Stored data

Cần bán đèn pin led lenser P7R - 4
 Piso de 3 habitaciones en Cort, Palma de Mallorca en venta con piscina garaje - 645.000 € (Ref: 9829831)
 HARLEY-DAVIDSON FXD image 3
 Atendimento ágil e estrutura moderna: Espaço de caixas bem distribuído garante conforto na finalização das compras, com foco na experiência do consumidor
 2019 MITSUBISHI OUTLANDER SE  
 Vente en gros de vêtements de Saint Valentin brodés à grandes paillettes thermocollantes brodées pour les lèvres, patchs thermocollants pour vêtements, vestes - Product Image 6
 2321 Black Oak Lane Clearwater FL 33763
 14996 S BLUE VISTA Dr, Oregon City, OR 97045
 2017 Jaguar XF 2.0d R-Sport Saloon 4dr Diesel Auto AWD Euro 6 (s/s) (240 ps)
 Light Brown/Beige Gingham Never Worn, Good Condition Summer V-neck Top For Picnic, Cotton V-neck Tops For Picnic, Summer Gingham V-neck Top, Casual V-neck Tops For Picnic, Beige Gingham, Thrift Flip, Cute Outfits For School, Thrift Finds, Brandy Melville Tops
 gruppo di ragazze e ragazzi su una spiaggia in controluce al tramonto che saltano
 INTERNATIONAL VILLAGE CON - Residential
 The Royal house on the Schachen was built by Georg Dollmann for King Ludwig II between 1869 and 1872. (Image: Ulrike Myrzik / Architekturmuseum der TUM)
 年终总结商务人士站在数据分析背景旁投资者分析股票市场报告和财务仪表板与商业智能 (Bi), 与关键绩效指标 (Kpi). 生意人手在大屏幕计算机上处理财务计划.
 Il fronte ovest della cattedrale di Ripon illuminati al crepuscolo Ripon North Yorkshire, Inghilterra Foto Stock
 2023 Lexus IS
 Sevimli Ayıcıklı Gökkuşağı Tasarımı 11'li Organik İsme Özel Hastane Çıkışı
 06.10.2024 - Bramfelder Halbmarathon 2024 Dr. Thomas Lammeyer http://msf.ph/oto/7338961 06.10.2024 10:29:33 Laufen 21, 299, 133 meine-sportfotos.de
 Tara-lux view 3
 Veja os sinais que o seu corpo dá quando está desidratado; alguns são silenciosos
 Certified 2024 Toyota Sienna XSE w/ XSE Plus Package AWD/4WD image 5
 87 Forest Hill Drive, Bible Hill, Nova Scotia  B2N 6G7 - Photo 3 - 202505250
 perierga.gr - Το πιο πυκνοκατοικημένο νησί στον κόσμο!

**Work instructions:** The records given above are to be repeated in full, exactly.

**Task solution:**
Cần bán đèn pin led lenser P7R - 4
 Piso de 3 habitaciones en Cort, Palma de Mallorca en venta con piscina garaje - 645.000 € (Ref: 9829831)
 HARLEY-DAVIDSON FXD image 3
 Atendimento ágil e estrutura moderna: Espaço de caixas bem distribuído garante conforto na finalização das compras, com foco na experiência do consumidor
 2019 MITSUBISHI OUTLANDER SE  
 Vente en gros de vêtements de Saint Valentin brodés à grandes paillettes thermocollantes brodées pour les lèvres, patchs thermocollants pour vêtements, vestes - Product Image 6
 2321 Black Oak Lane Clearwater FL 33763
 14996 S BLUE VISTA Dr, Oregon City, OR 97045
 2017 Jaguar XF 2.0d R-Sport Saloon 4dr Diesel Auto AWD Euro 6 (s/s) (240 ps)
 Light Brown/Beige Gingham Never Worn, Good Condition Summer V-neck Top For Picnic, Cotton V-neck Tops For Picnic, Summer Gingham V-neck Top, Casual V-neck Tops For Picnic, Beige Gingham, Thrift Flip, Cute Outfits For School, Thrift Finds, Brandy Melville Tops
 gruppo di ragazze e ragazzi su una spiaggia in controluce al tramonto che saltano
 INTERNATIONAL VILLAGE CON - Residential
 The Royal house on the Schachen was built by Georg Dollmann for King Ludwig II between 1869 and 1872. (Image: Ulrike Myrzik / Architekturmuseum der TUM)
 年终总结商务人士站在数据分析背景旁投资者分析股票市场报告和财务仪表板与商业智能 (Bi), 与关键绩效指标 (Kpi). 生意人手在大屏幕计算机上处理财务计划.
 Il fronte ovest della cattedrale di Ripon illuminati al crepuscolo Ripon North Yorkshire, Inghilterra Foto Stock
 2023 Lexus IS
 Sevimli Ayıcıklı Gökkuşağı Tasarımı 11'li Organik İsme Özel Hastane Çıkışı
 06.10.2024 - Bramfelder Halbmarathon 2024 Dr. Thomas Lammeyer http://msf.ph/oto/7338961 06.10.2024 10:29:33 Laufen 21, 299, 133 meine-sportfotos.de
 Tara-lux view 3
 Veja os sinais que o seu corpo dá quando está desidratado; alguns são silenciosos
 Certified 2024 Toyota Sienna XSE w/ XSE Plus Package AWD/4WD image 5
 87 Forest Hill Drive, Bible Hill, Nova Scotia  B2N 6G7 - Photo 3 - 202505250
 perierga.gr - Το πιο πυκνοκατοικημένο νησί στον κόσμο!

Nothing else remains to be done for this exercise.